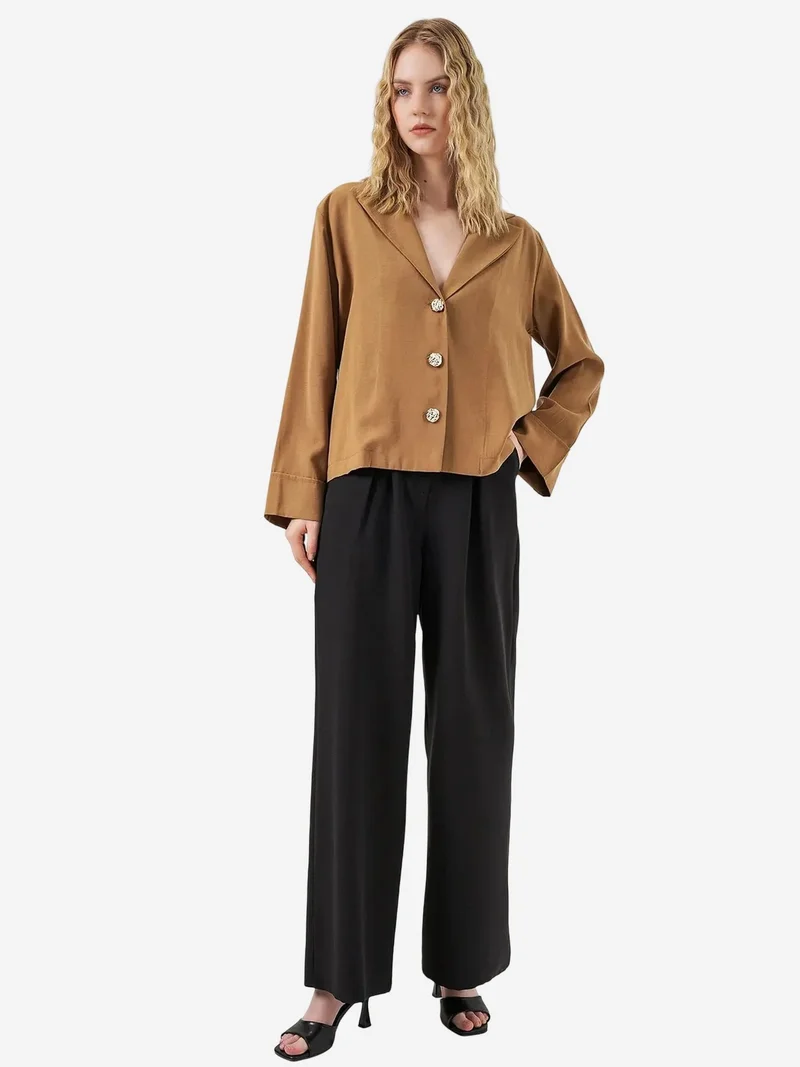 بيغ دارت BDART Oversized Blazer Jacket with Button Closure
----------------
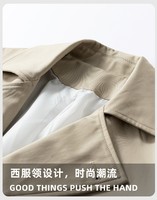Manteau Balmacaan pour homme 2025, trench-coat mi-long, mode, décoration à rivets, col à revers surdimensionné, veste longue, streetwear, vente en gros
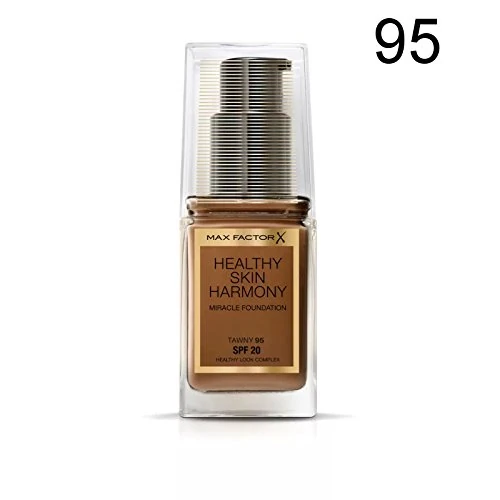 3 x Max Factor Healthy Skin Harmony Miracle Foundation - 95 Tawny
----------------
# Work item
Write out again exactly the lines above from the one with "Manteau Balmacaan pour" through the one with "3 x Max Factor", adding no other lines and no pictures.

# Result of this exercise
Manteau Balmacaan pour homme 2025, trench-coat mi-long, mode, décoration à rivets, col à revers surdimensionné, veste longue, streetwear, vente en gros
 3 x Max Factor Healthy Skin Harmony Miracle Foundation - 95 Tawny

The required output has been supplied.